ただ、通信設備のIPv6対応は一部で進んでいる様子で、22社のうち7社は「一部の機器がIPv6対応」と回答している。「IPv6対応はできていない」は13社。「すべての機器がIPv6対応」は1社。同協議会は「機器の更新などのタイミングにIPv6対応のものを導入した、あるいは最新機種を購入したところIPv6にも対応していたなどの事由によって、徐々にIPv6対応が進みつつある」と分析している。
また、調査対象のISPのうち8社は、「半分以上のISPがIPv6を提供する時期」として「2010〜2011年」を挙げていて、同協議会は「この時期がISPのIPv6対応のピークと想定される」としている。

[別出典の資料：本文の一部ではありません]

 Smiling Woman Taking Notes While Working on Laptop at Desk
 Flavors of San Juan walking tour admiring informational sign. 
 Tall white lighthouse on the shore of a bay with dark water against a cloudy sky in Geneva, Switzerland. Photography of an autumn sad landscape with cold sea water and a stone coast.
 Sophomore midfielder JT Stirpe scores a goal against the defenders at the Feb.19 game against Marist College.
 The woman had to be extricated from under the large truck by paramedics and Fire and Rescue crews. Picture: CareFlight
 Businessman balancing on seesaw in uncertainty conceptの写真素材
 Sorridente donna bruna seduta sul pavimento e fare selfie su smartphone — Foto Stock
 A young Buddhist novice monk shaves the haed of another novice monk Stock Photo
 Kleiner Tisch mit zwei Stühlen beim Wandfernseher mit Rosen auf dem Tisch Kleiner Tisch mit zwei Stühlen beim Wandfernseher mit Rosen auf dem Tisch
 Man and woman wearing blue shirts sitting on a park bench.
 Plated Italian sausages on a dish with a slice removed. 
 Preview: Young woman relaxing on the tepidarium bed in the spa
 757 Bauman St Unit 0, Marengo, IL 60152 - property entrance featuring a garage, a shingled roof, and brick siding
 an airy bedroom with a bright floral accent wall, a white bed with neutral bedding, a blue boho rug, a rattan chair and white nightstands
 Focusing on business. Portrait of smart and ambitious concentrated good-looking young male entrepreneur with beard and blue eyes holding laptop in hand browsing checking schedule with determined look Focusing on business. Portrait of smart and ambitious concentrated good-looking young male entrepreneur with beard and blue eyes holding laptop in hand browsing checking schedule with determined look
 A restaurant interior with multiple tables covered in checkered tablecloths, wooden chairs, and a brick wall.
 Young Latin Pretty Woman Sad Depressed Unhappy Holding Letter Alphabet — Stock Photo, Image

なぜIPv6接続サービスは広がらないのか。普及のための事業上の課題として22社のうち、10社が挙げるのは「設備更新の手間・コスト」。ユーザーの要望や上位ISPの対応などの強いトリガーがないと、IPv6に本格投資はできないと考えるISPが多いようだ。普及に向けた技術的な課題では「アドレス管理ノウハウ」や「IPv4との共存方法」を挙げるISPが多かった。
大手ISPが先行してサービス提供
同日、総務省もIPv6について、大手ISPや通信会社の調査結果を発表した。一般ユーザー向けにはNTTコミュニケーションズ、NTT東、西日本、ニフティ、フリービット、IIJ mioが商用のIPv6接続サービスを展開。法人向けにはNTTコミュニケーションズ、NTT東、西日本とKDDI、IIJ、NTT-MEがサービスを提供している。この調査もIPv6普及・高度化推進協議会が行った。